● **TASK DETAILS**:
Omitting all images, transcribe the listing word for word.

● **THE DATA**:
>>>
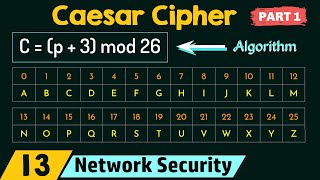 Caesar Cipher Part 1 [upl. by Akilaz]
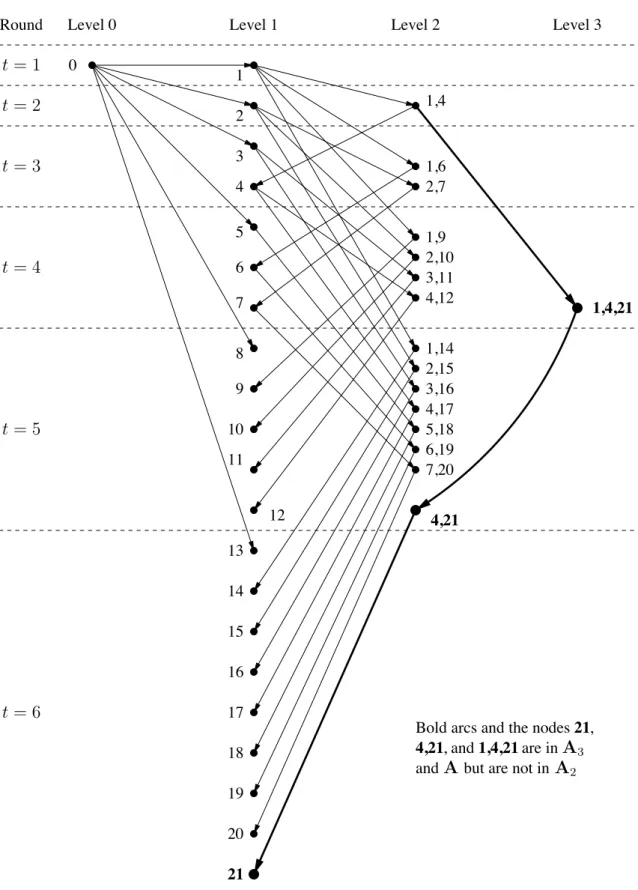 Figure 1: Node labels during the first 6 rounds of Protocols A 2 , A 3 , and A .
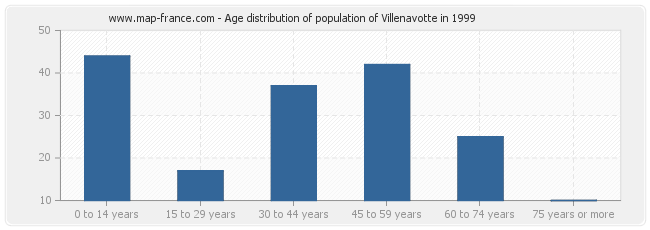 Age distribution of population of Villenavotte in 1999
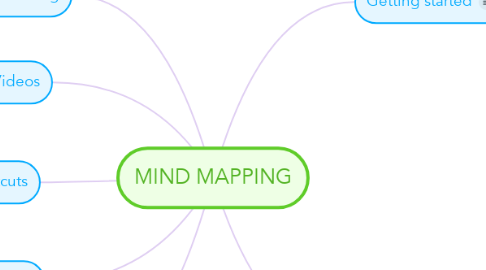 Mind Map: MIND MAPPING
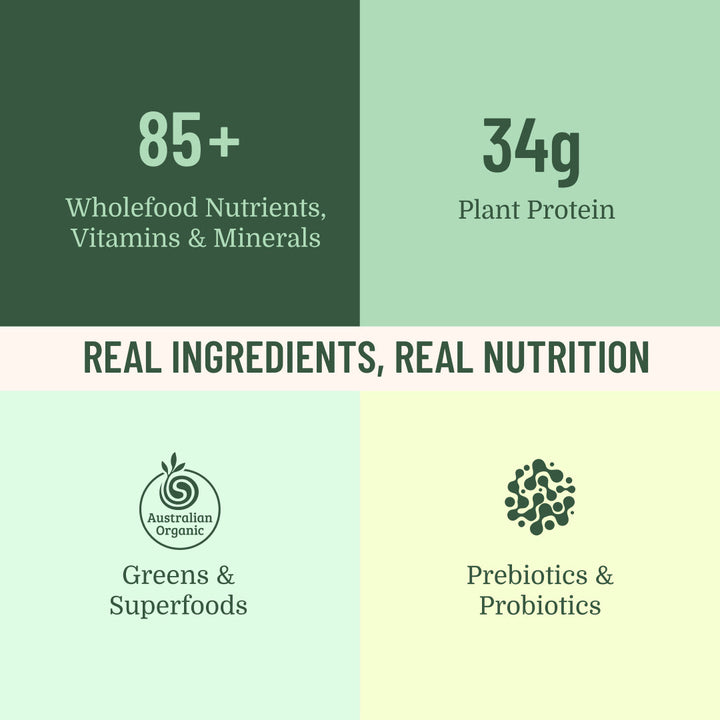 Organic Greens Meal Shake (New Formula) 550g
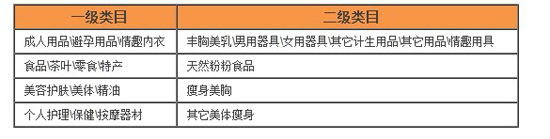 如何开网店之超级麦霸禁售物品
<<<
● **ANSWER FOR THIS EXERCISE**:
 Caesar Cipher Part 1 [upl. by Akilaz]
 Figure 1: Node labels during the first 6 rounds of Protocols A 2 , A 3 , and A .
 Age distribution of population of Villenavotte in 1999
 Mind Map: MIND MAPPING
 Organic Greens Meal Shake (New Formula) 550g
 如何开网店之超级麦霸禁售物品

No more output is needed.